The coefficients ${\tau}$ represent the marginal utilities from changes in perceived health, taste, safety, and animal welfare. Thus, the coefficients represent the consumers’ preferences for health, taste, safety, and animal welfare. Because preferences for and beliefs about, health, taste, safety, and welfare are controlled for in the utility function, $\vartheta _{ti}^k$ reflects the utility derived from label k that cannot be explained by health, taste, safety, and animal welfare. Adding an iid extreme value error term to the aforementioned utility function and assuming all respondents share the same preference parameters results in the multinomial logit (MNL) model, where the probability of choice is given by:

(3) $${\rm{Probability}}\left( {i\,{\rm{chooses}}\,j\,{\rm{in}}\,{\rm{treatment}}\,t} \right) = {{{e^{{V_{ijt}}}}} \over {\sum\limits_{k = 1}^k {{e^{{V_{ikt}}}}} }}.$$

To allow for additional heterogeneity in individual preferences, a random parameter logit (RPL) model was also estimated (Train, Reference Train2009). The RPL model was estimated using simulated maximum likelihood with 500 Halton draws assuming all non-price coefficients are normally distributed. The price coefficient was assumed to be a constant term.

WTP for individual i for the presence of label k (versus no label) is

(4) $$WT{P^k}_i = {{{\vartheta _k} + {\tau _1}\cdot Healt{h_{ik}} + {\tau _2}\cdot Tast{e_{ik}} + {\tau _3}\cdot Safet{y_{ik}} + {\tau _4}\cdot Welfar{e_{ik}}} \over { - {\alpha _t}}}$$

In addition, we obtained so-called individual-specific estimates of each person’s preferences using the estimated parameter distribution as the prior and update these with the individual’s choices (see Train, Reference Train2009). These are parameter means conditional on each individual’s 12 choices, which converge to individual’s preferences as the number of choice questions grows (Sarrias, Reference Sarrias2020). Because the $\alpha $ parameter is a constant term, WTP is normally distributed. The WTP estimates are calculated through a Krinsky and Robb simulation (Krinsky and Robb, Reference Krinsky and Robb1986).

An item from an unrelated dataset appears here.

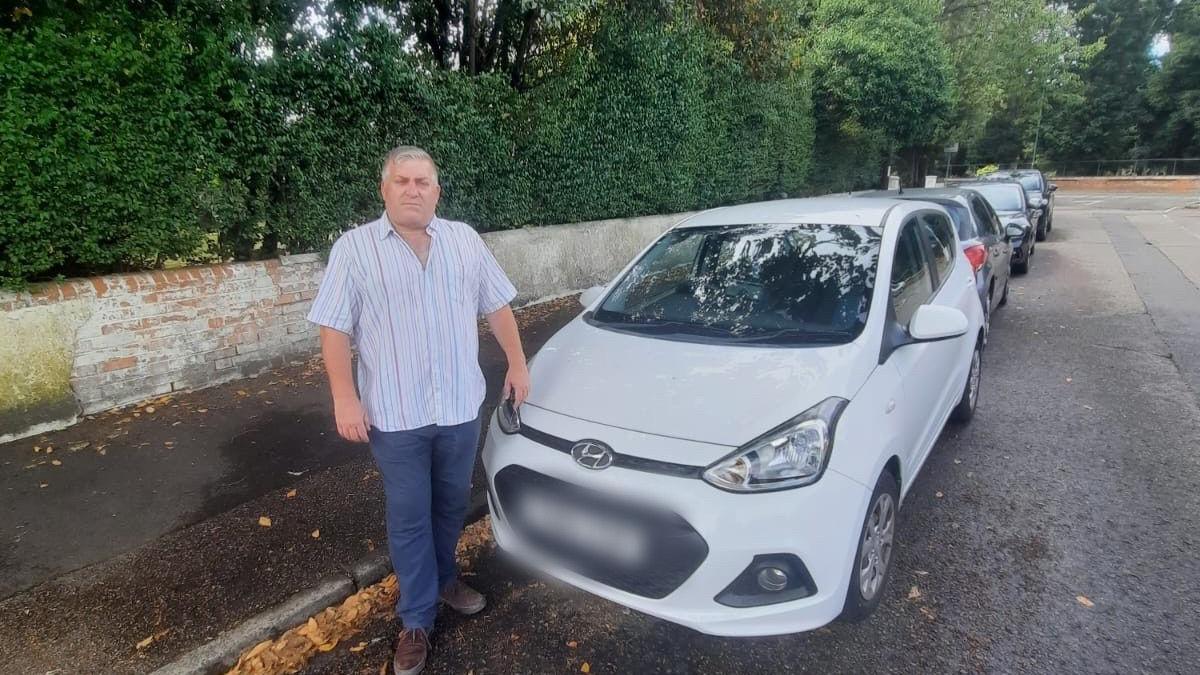A man stands by a white parked car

Another key objective of this study is to explore how preferences for, for example, health, from the CE, ${\tau _{i1}},\;$ compare with an alternative measure of preferences of health from our food values ranking. Are people who tend to demonstrate high preferences for safety in the CE also the same ones who tend to indicate safety as one of the most important food values? To explore this matter of convergent validity, we calculate the correlations between the individual-specific preferences for safety, taste, health, and animal welfare and the corresponding responses to the best-worst “food values” question. The food value questions were coded as follows: 1 if the respondent placed the value in the “most important” category, −1 if the value was placed in the “least important” category, and 0 if it was in neither category. In addition to the correlations, we compared the mean $\;\tau $ ’s for people who rated each food value as “most important,” “least important,” or “neither” using an ANOVA test. The mean coefficient values were calculated for each belief value and separated based on their placement in the “food values” category. The ANOVA tested for any significant differences between the belief means by food value placement. This was repeated for each treatment.